バルトロークを寝かせ、手以外に異常はないかと確認した。そんなランドクィールに、バルトロークが痛みを堪えながら言う。
「ラク様は触れないでくださいね……っ。あなたに何かあってはっ……っ」
「分かっている。もう少し我慢していろ」
だが、その布で包まれている手へ目を向けて気付いた。
「……おい、ひと角。バルがいばらに触れたのはどこか分かるか?」
バルトロークの意識は朦朧としており、口を開かせるのは酷だ。だから、ひと角に確認した。
《えっと……確か、指の所だったよ。うん。傷を見た。太くて短い方にある二本。その真ん中くらい》
ひと角が言うのは、恐らく人差し指と中指。その第二関節辺りだろう。それならば、やはりおかしい。
「……バル。布を外すぞ」
「っ、いけませっ……っ」
拒否するバルトロークに構わず、ランドクィールはその乱暴に巻きつけられた布を慎重に外した。
《っ、なんで……っ》
ひと角が見て驚くという事は、今の状態ではなかったのだろう。そう、腕の半ば近くまで、紫に変色してきていたのだ。手は全て色が変わってしまっている。このままではいけない。

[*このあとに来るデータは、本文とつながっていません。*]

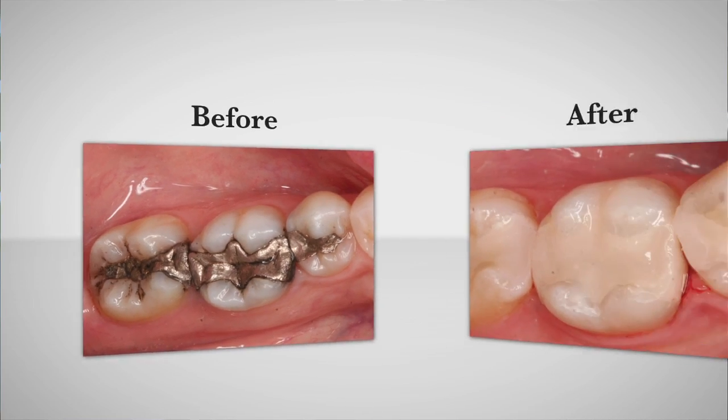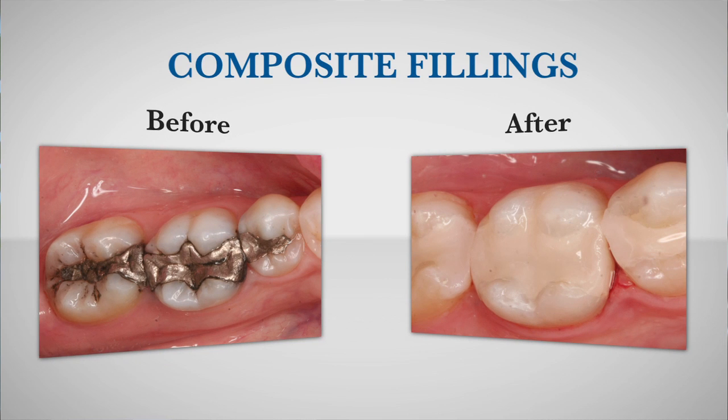A lot of our patients, when they've had a metal filling replaced with the white one, remark at how natural it looks and how attractive it is. It's the closest thing we have to a tooth right now, and if they're done right, they can hold up for years. I've had mine about 16 years now, and they're still going strong.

「まずいな……ひと角。お前の力でこれの進行を遅くできないか?」
《え? 進行を遅く?》
「そうだ。お前の作った空間は時が経つのが早かった。逆も出来ないか?」
《う〜ん……ちょっ、ちょっと待ってね》
ひと角にはない発想だった。だから、必死で考える。
《えっと、やってみる》
「殺さんようにな」
どのみち、このままでは危ないのだ。そんな場合は、低い可能性でも賭けてみるというのがランドクィールだった。
《……それだとちょっと自信ないかも……う、ううんっ、努力しますっ》
「そうしてくれ」
緊張した面持ちで、ひと角は力を行使する。複雑に魔力が混じり合うのが分かった。そして、バルトロークの変色した手から腕が、光る膜で覆われたのだ。